*DATA SECTION*
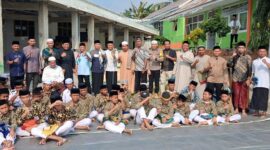 Menghadapi kemarau panjang, ratusan warga dan santri Ponpes DDI Kilongan Permai menggelar Sholat Istisqa dengan dukungan Tirta Dharma PDAM Luwuk Utara, Kamis (01/10/26).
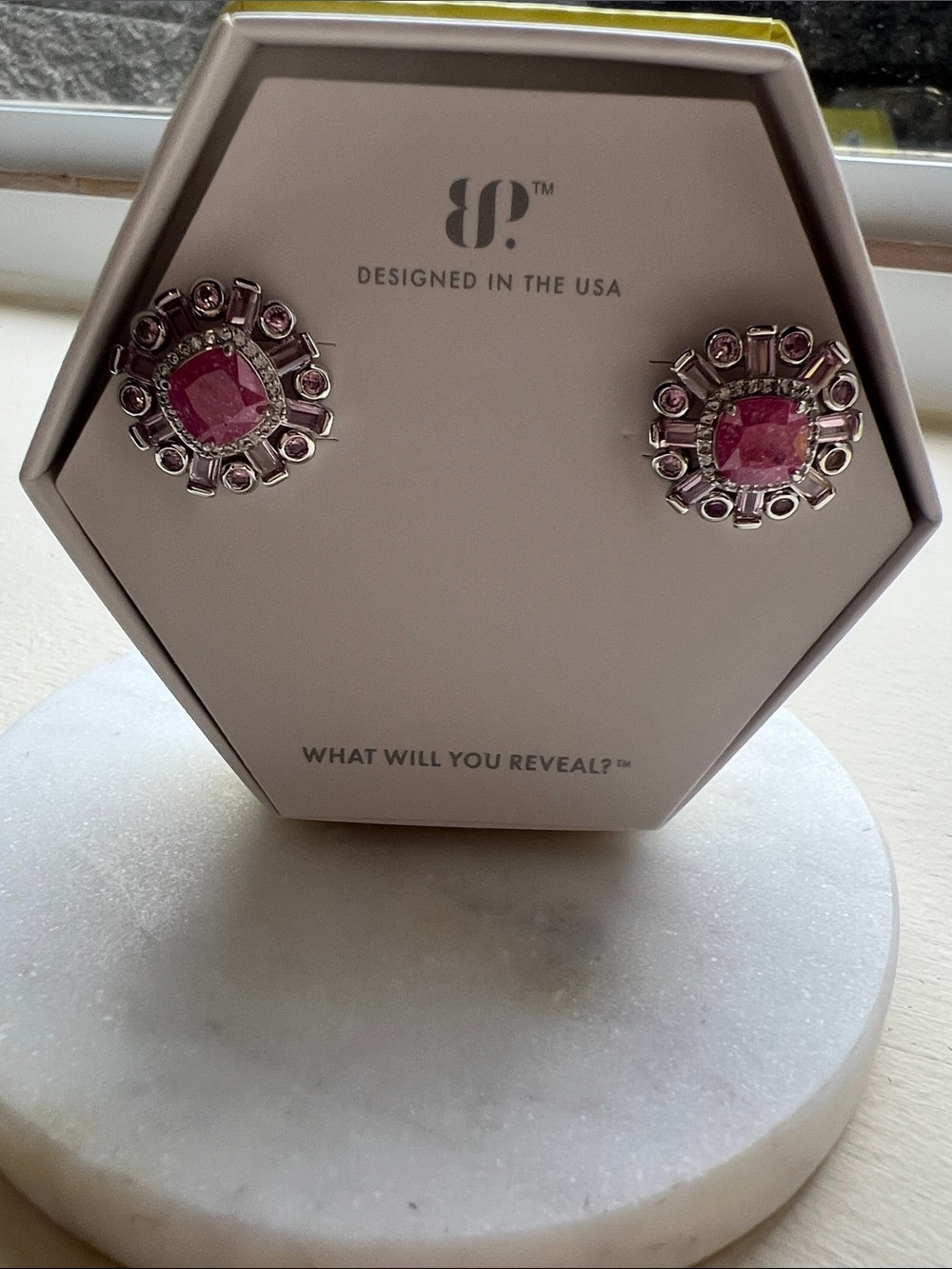 bp Pink rare unicorn 🦄 Crystal Halo Cluster Stud Earrings
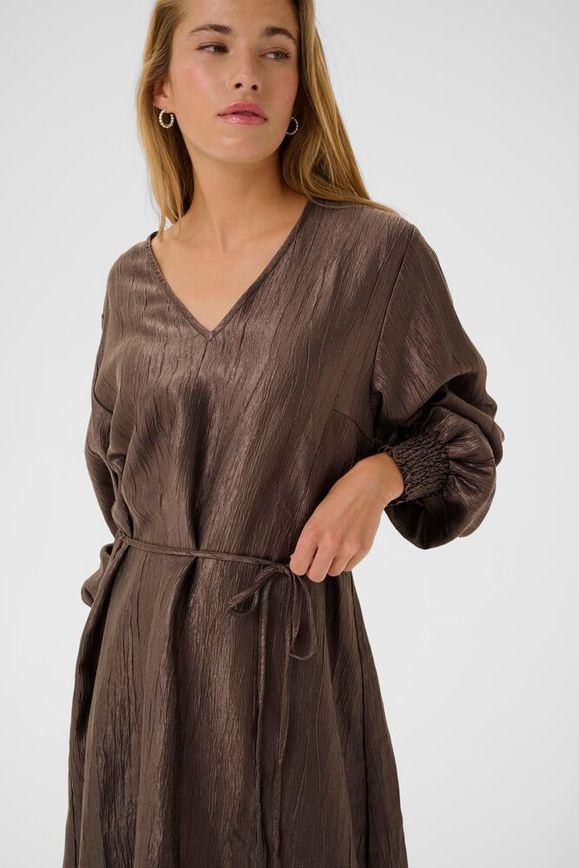 Rizz kjóll frá Kaffe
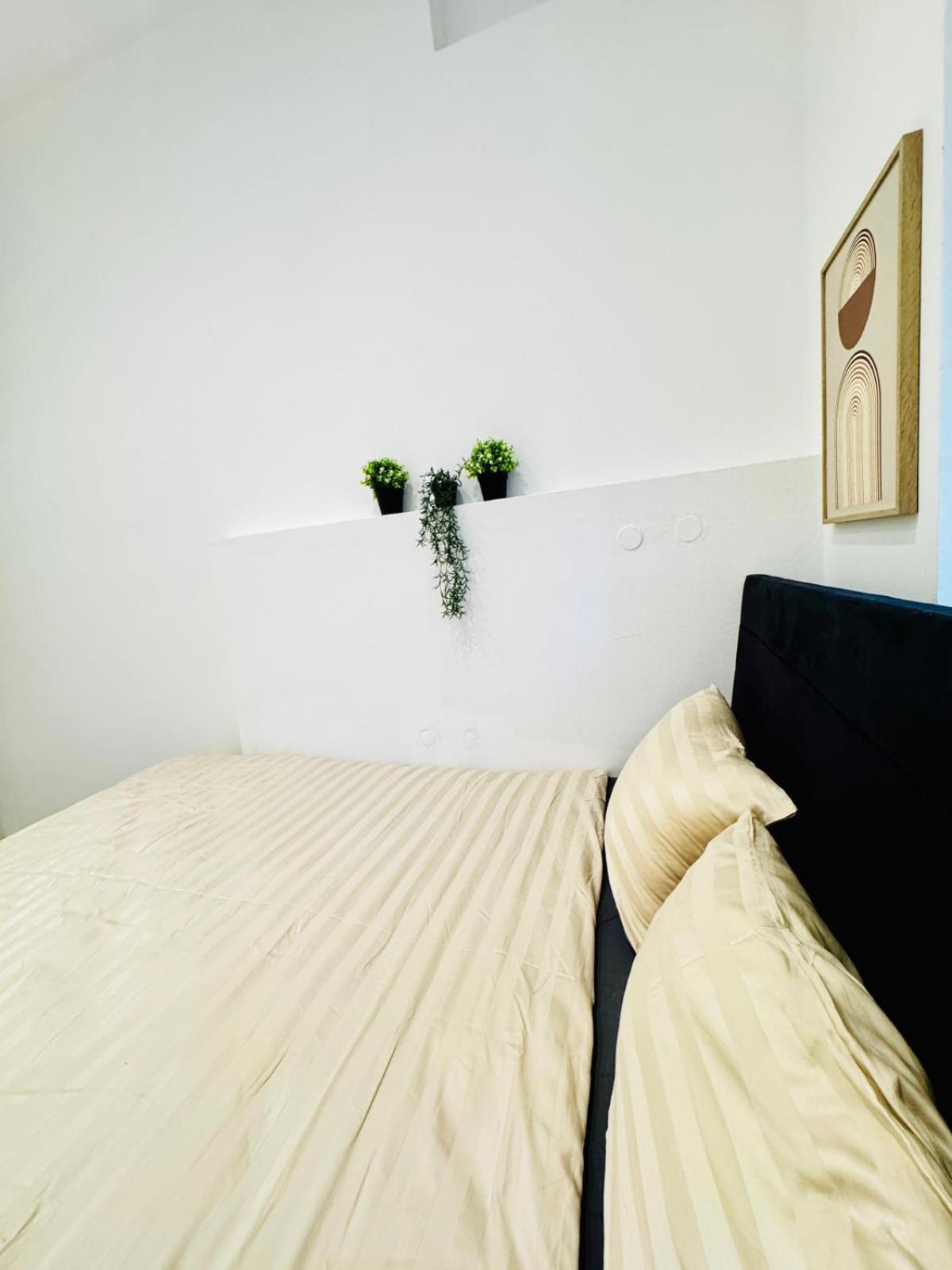 Elegant & 5br Shared In * Vienna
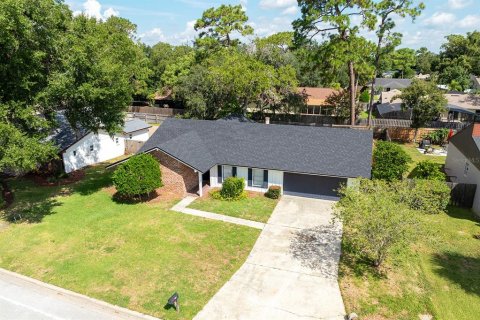 House in Longwood, Florida 3 bedrooms, 178.74 sq.m. № 1871137 - photo 29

*ACTIVITY*
What is needed is an exact restatement of every line from the one containing "bp Pink rare" through the last line of the records, pictures left out.

*RESPONSE TO THE EXERCISE*
 bp Pink rare unicorn 🦄 Crystal Halo Cluster Stud Earrings
 Rizz kjóll frá Kaffe
 Elegant & 5br Shared In * Vienna
 House in Longwood, Florida 3 bedrooms, 178.74 sq.m. № 1871137 - photo 29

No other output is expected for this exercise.